#### [Your instructions]
Nothing but the lines below from the one that contains "5105 Birchman Ave, Fort" through the one that contains "Ainsley McLaren of" should be retyped, exactly and including both ends. Do not include pictures.

#### [Supplied entries]
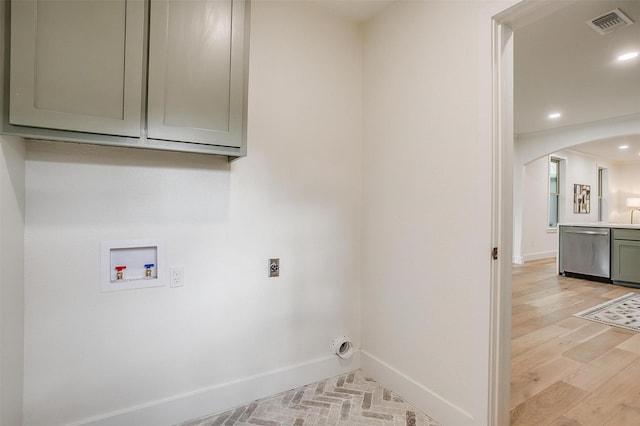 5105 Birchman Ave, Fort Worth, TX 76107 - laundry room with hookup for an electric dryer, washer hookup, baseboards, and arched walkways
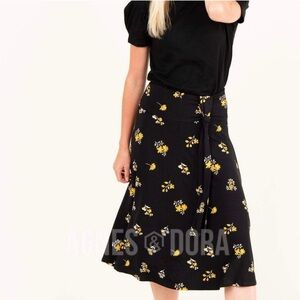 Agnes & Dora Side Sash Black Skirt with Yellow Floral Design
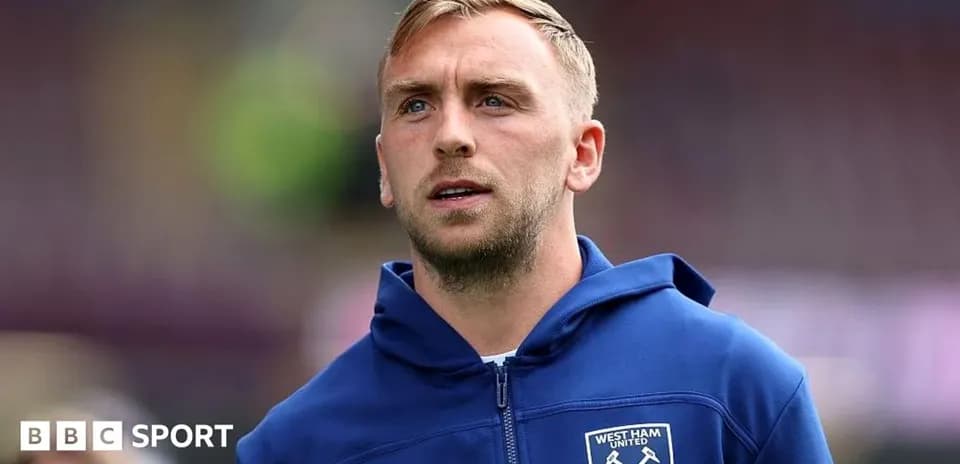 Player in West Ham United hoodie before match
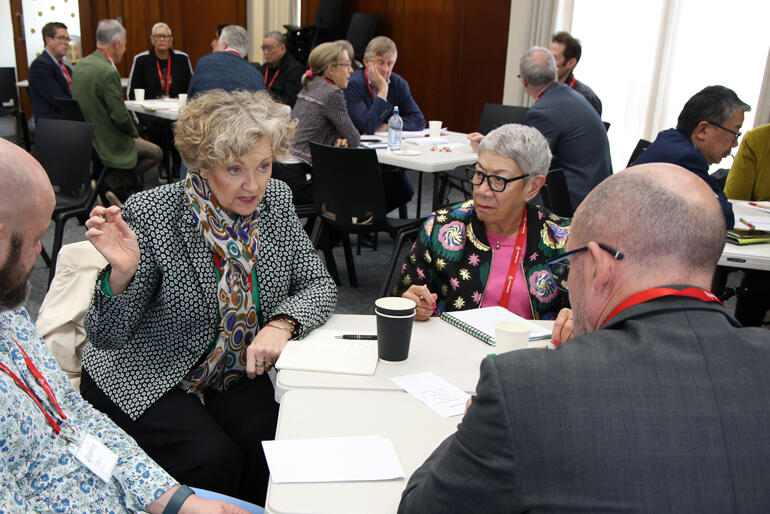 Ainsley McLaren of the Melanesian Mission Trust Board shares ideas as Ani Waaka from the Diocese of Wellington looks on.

...

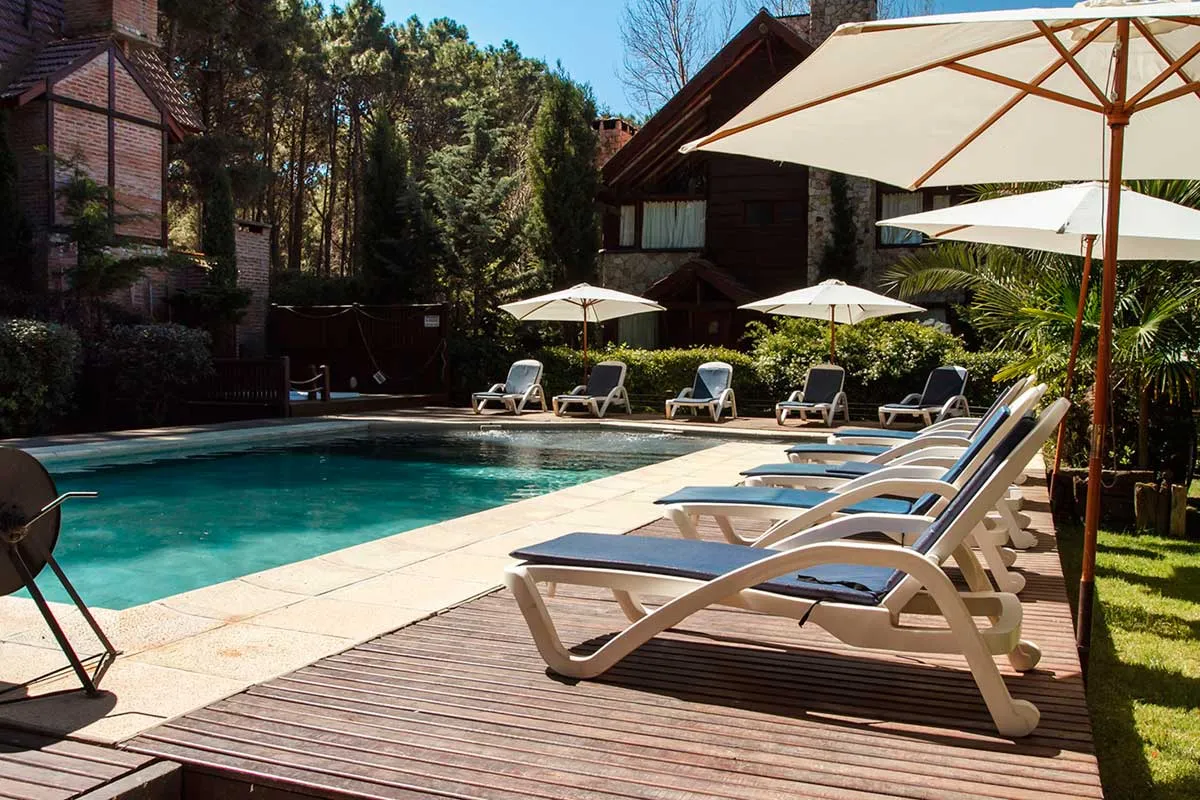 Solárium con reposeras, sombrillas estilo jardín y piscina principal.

#### [Exercise result]
 5105 Birchman Ave, Fort Worth, TX 76107 - laundry room with hookup for an electric dryer, washer hookup, baseboards, and arched walkways
 Agnes & Dora Side Sash Black Skirt with Yellow Floral Design
 Player in West Ham United hoodie before match
 Ainsley McLaren of the Melanesian Mission Trust Board shares ideas as Ani Waaka from the Diocese of Wellington looks on.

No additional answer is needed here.